議論の盛り上がりを客観的に分析できる椅子型デバイス

2014-9-24

本研究成果のポイント

■見た目・座り心地など一般的なオフィスチェアと同様の椅子型デバイス
■着座者の重心位置・重量データをリアルタイムに分析する
■議論参加者全員のデータを分析することで議論が盛り上がっているかどうかを時系列ごとに評価できる
■椅子を中心に据えた新しいIT環境を生み出し、様々な用途への応用が期待できる

リリース概要

大阪大学 大学院情報科学研究科 伊藤雄一招へい准教授らの研究グループは、東北大学 電気通信研究所 高嶋和毅助教、大阪経済大学 人間科学部 藤原健講師らとの共同研究で、会議などの議論の場において、参加者が椅子に座る際の重心位置と重量変化を解析し、議論参加者同士のジェスチャや体動の周波数の一致度など対人社会心理学の分野における、いわゆる「同調傾向」を算出することで、その議論がどれくらい盛り上がっているのかを解析し判定する椅子型(オフィスチェア型)のデバイス(SenseChair)を開発しました。

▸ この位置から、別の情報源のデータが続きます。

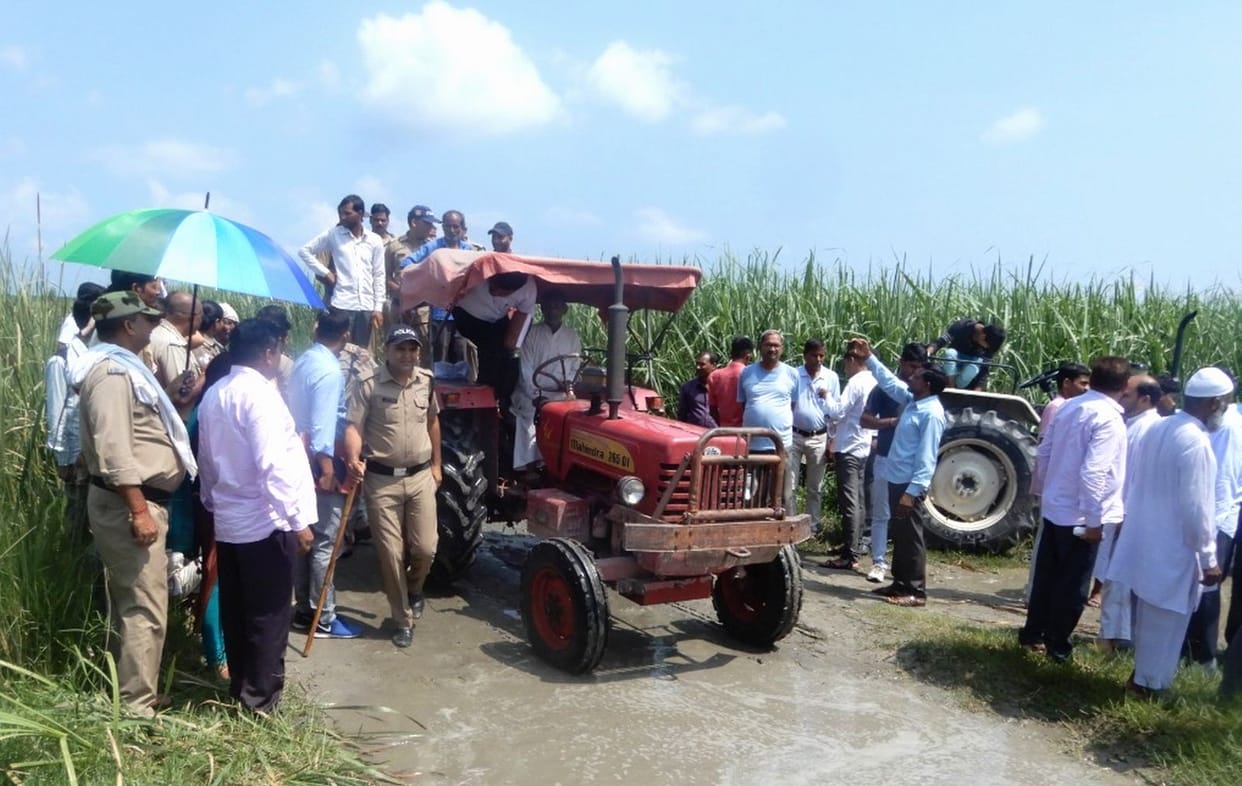 73 Bigha land removed encroachment at Kupurpuri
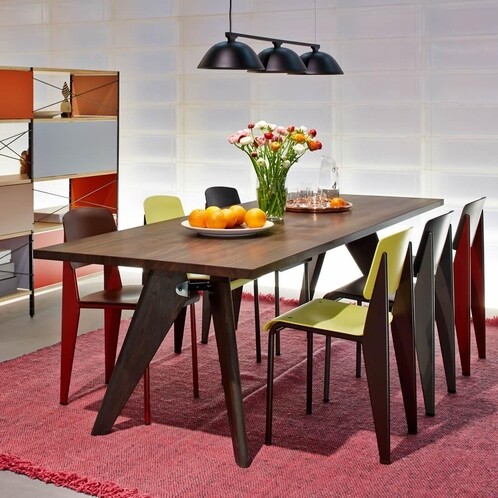 Vitra - Table Solvay Prouvé Table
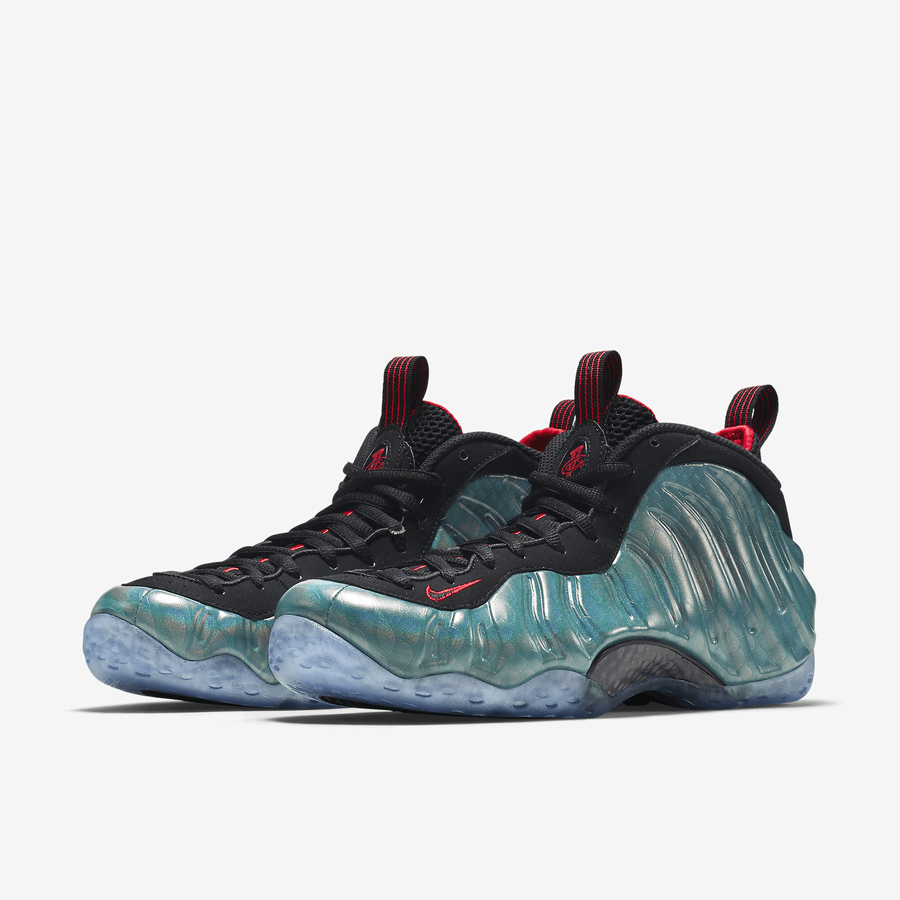 going fishing foamposites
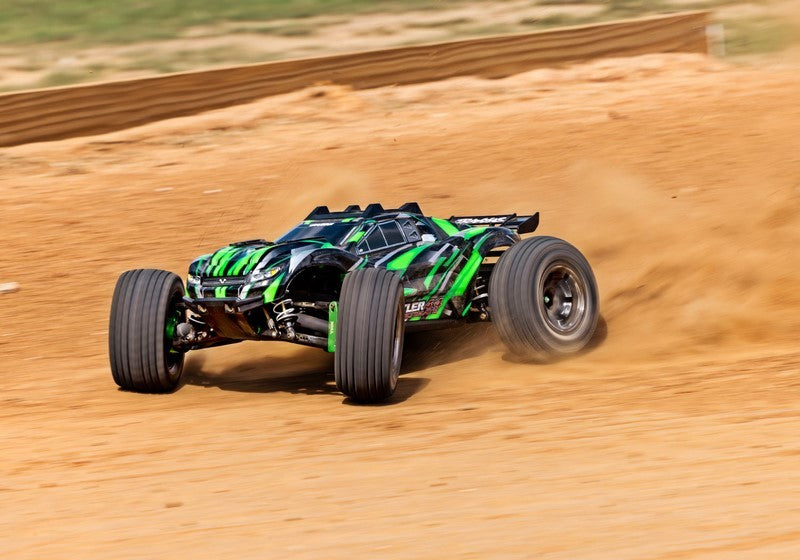 Traxxas Rustler 4x4 Ultimate Brushless VXL TSM - 1/10 RTR Stadium Truck Offroad Speed Truggy - 67097 - RCXX - RC Racing Shop | RC Models | Tuning & Spare Parts for Professionals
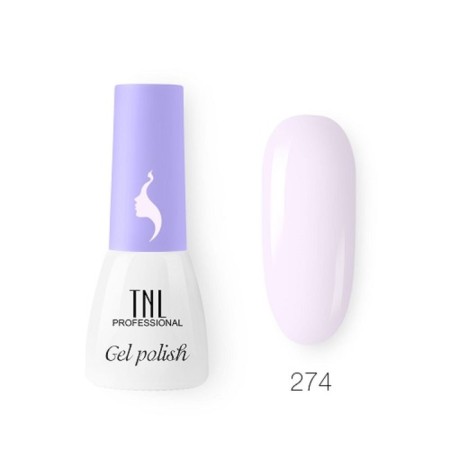 TNL Professional Mini Gel-Lygs “8 Senses”, No. 274 lilac snow, 6 ml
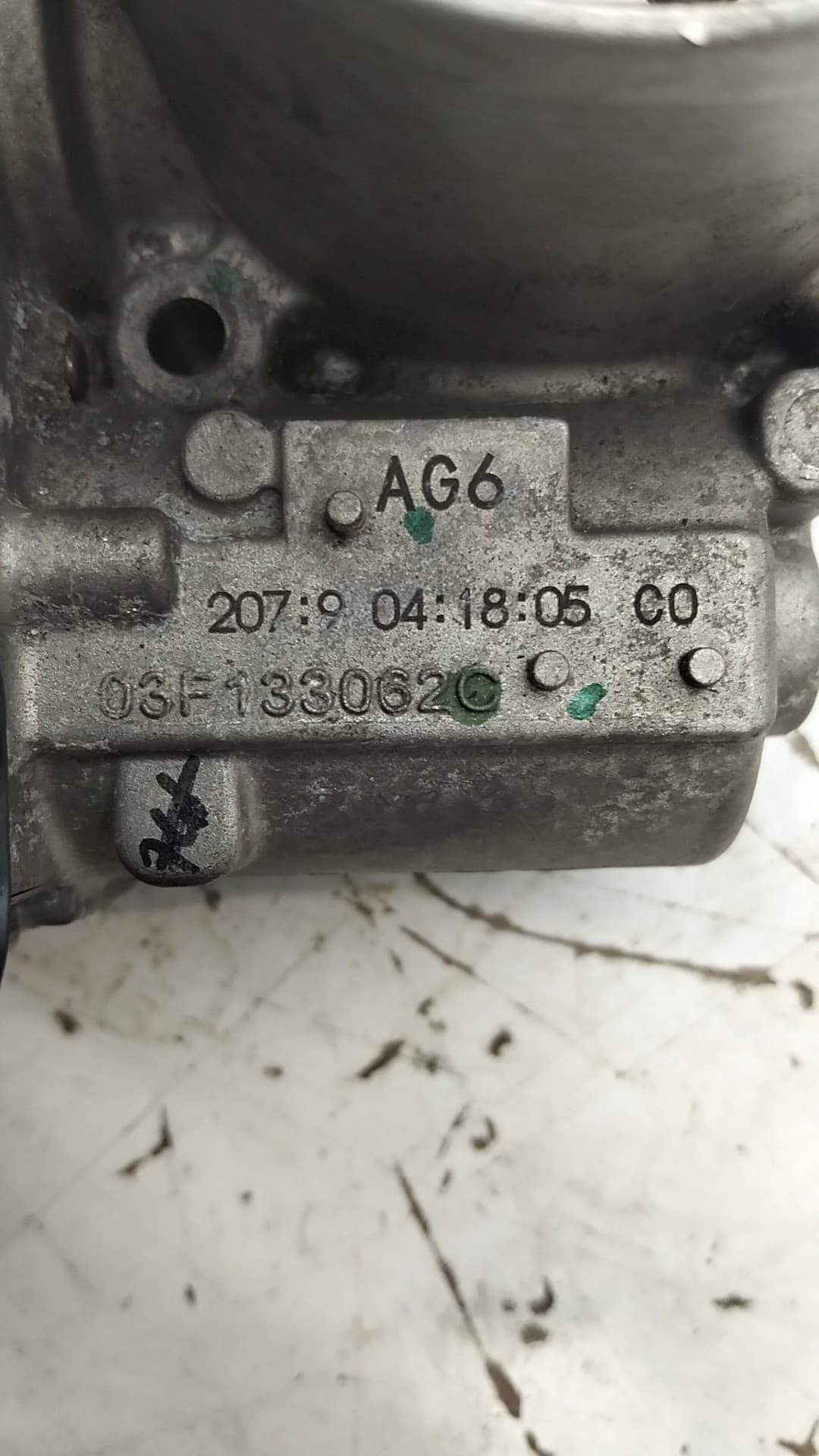 Caja mariposa AUDI A3 SEDÁN(8VS) 2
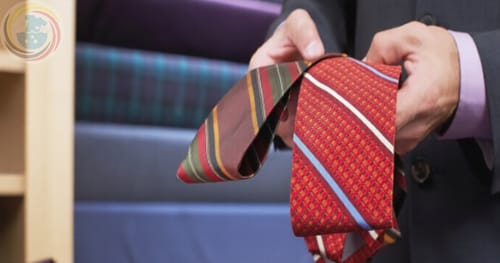 Химчистка галстука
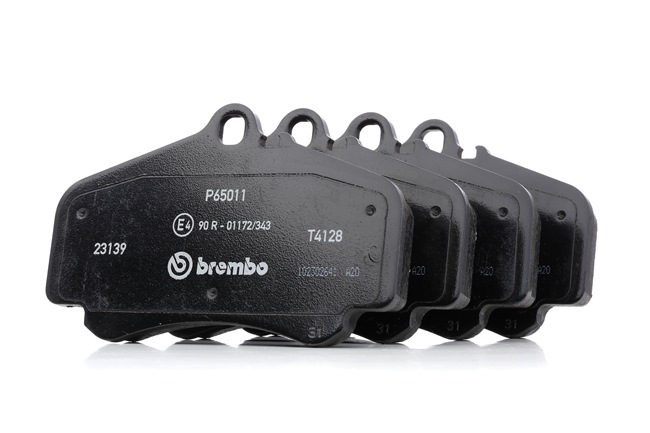 Bremsbelagsatz, Scheibenbremse Breite: 140mm, Höhe: 88,5mm, Dicke/Stärke: 17mm mit OEM-Nummer 996 351 949 12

このデバイスを用いれば会議や講演などで全体を通して盛り上がったかどうかだけではなく、時系列ごとにいつ盛り上がったのかを客観的指標として分析することが可能となります。つまり、会議や講演の良し悪しだけではなく、会議でどの意見が出た時に場が盛り上がったのか、講演でどの話をした時に盛り上がったのかを分析できるようになります。また、このような議論の状況を取得できれば、評価だけではなく、コンピュータから議論に対して様々な情報を提示するなどの支援を実施することも可能となります。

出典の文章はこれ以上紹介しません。